TOKYO — Japanese companies will be required to list lease contracts as assets on their balance sheets under planned accounting rule changes, a move that would erode their return on assets but increase the transparency of corporate finances.
The Accounting Standards Board of Japan will meet Friday to start discussing reforms that will bring Japanese rules more in line with international standards, with the aim of reaching an agreement by the end of the month.
The changes mean listed companies will have to book roughly 17 trillion yen ($152 billion) in additional assets on their balance sheets.
The move follows similar changes made to International Financial Reporting Standards in January and America’s Generally Accepted Accounting Principles in December last year.
With some on the ASBJ expressing reservations, however, it could take two to three years to actually introduce the change.
Lease contracts can be largely divided into two categories. Finance leases, which resemble purchase, cover such items as office equipment and computers. They are already treated as assets on balance sheets.

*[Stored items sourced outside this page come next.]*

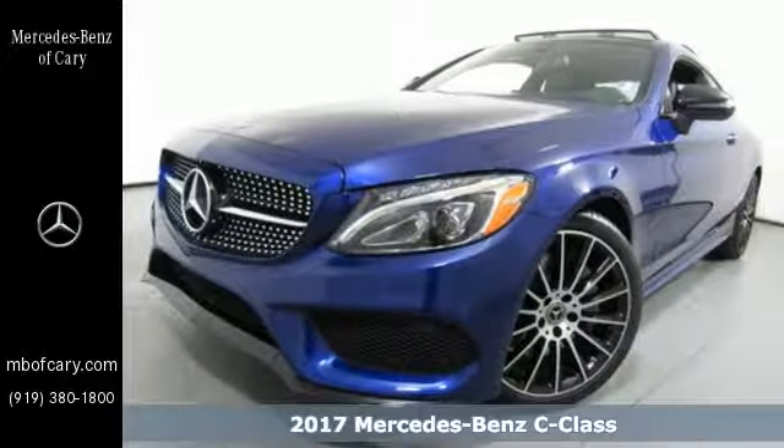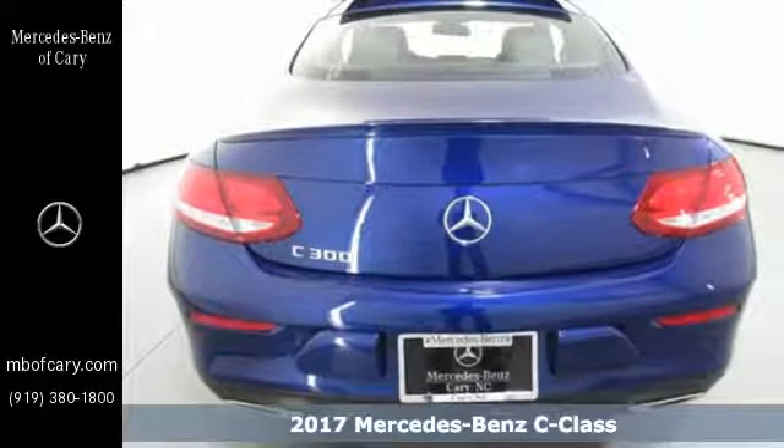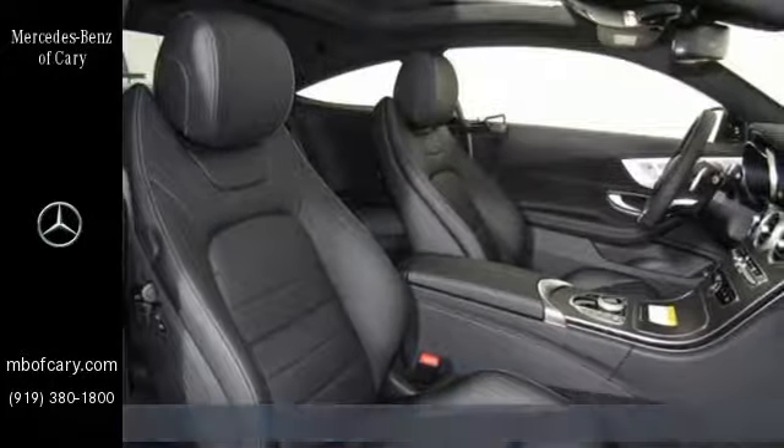Here's a 2017 Mercedes-Benz C-Class. Poise, precision and power are now tangible, fashioned into physical form for one purpose: to move you.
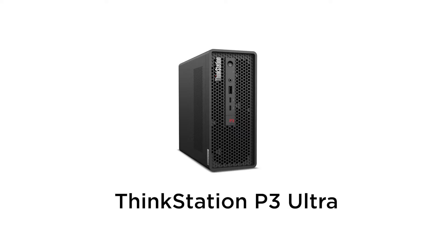Hi, I'm Graham, and I'm joined with my colleague today, James Clark, who's a workstation technologist.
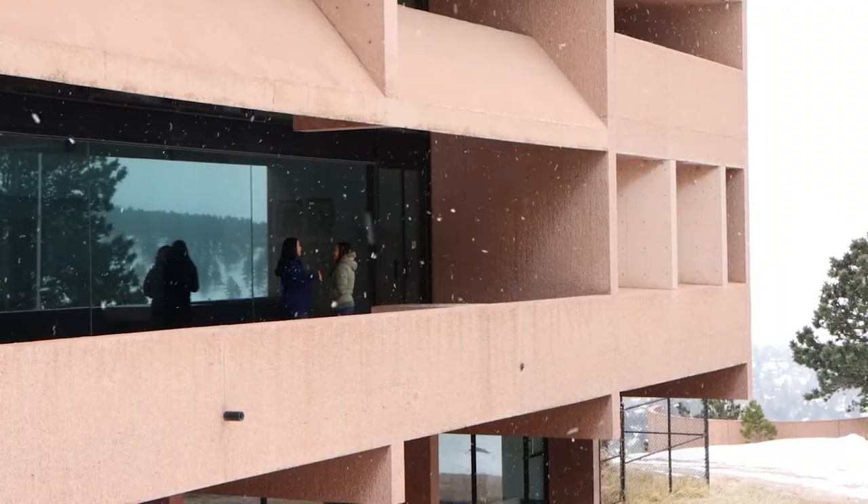We're here with Christina McCluskey from the Climate and Global Dynamics Laboratory at NCAR. Christina, can you tell me a little bit about what you do here? I study the interaction between atmospheric particles and clouds.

Operating leases, which are typically used for ships, aircraft, warehouses and other assets with long operational lives, are currently kept off the balance sheet, and the new accounting rules will change that.
The impact will be felt in multiple sectors that rely on such arrangements, including real estate, retail, logistics and marine transport.

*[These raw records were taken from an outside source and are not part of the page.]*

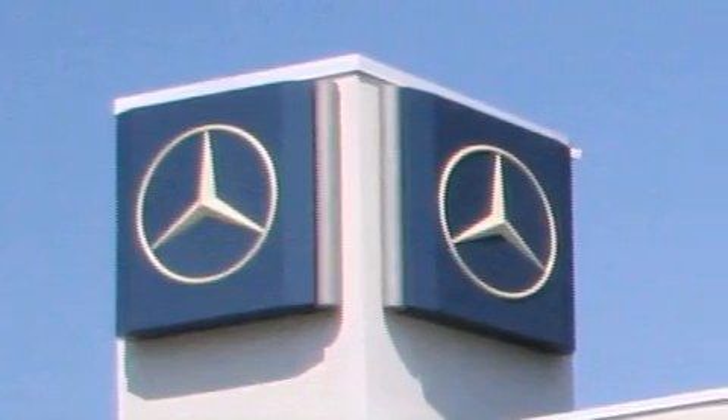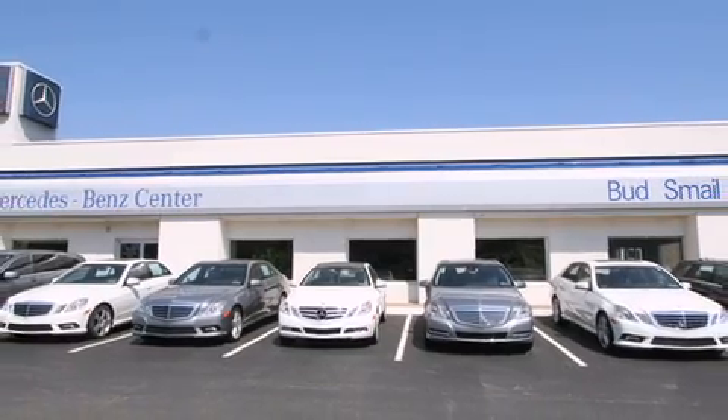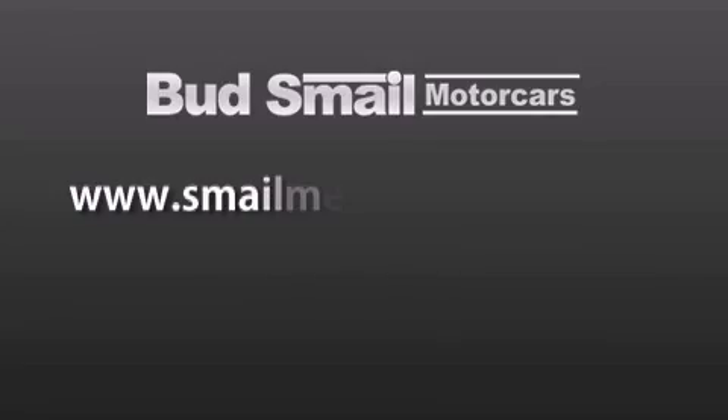Bud Smale Motor Cars is conveniently located at 5053 Route 30 East in Greensburg, just half a mile from the Westmoreland Mall. Contact us today to find out about our financing specials and leasing offers, and make sure to visit us at SmaleMercedesBenz.com.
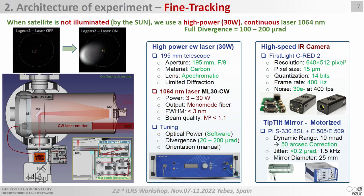When the satellite is not visible, we use a high-power laser to illuminate it. We use a 30-watt continuous laser from Manlight at 1.06 micrometers with a linewidth of 3 nanometers. The laser is connected to a transmitter — a 200-millimeter telescope attached to the 1.5-meter telescope. For fine tracking, we use a high-speed camera from Photon Focus Series 2, with high resolution working up to 400 frames per second, and a tip-tilt mirror from PI with a dynamic range of 10 milliradians, allowing 50 arcseconds of correction with very small jitter.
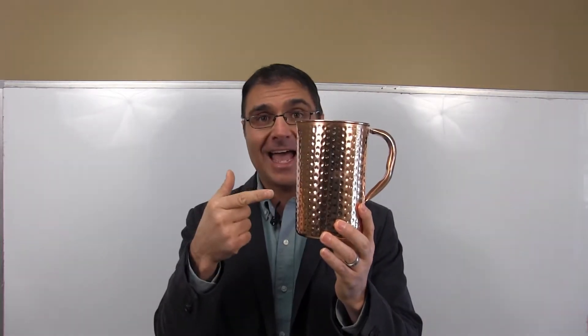Hey guys, Dr. Rob here today, and I have a very exciting whiteboard session for you. What we're going to be talking about today is this guy — it's how to make fat burning water.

Real estate companies Leopalace21 and Daito Trust Construction, whose business models center on leasing rental units from owners and guaranteeing them revenues, would have to book hefty amounts of additional assets and debts.
More assets could translate to a lower return on assets, a metric closely watched by investors. Companies already in shaky financial positions could be hit with extra interest-bearing debt.
The operational leases of 1,250 companies tallied by Nikkei put the total at roughly 17 trillion yen. The number rises to nearly 25 trillion yen when companies using IFRS and GAAP are included. The scale would increase total assets held by listed companies by 2%.
The leasing sector could stand to lose as well. Clients were enticed by how lease payments can be treated as simple expenses for accounting purposes. Lessees can still reduce initial costs of procuring equipment compared to purchasing under the new rules, but annual depreciation write-downs will become necessary.
“If the merits of off-balance-sheet accounting diminishes, companies will become less eager to use leased equipment for facility investment,” said one source.
Reflecting the sentiment in the business community, the ASBJ had been resistant to updating accounting rules for leases. But with international and U.S. accounting standards having been updated, some worry that Japanese financial disclosures could lose credibility in the eyes of investors.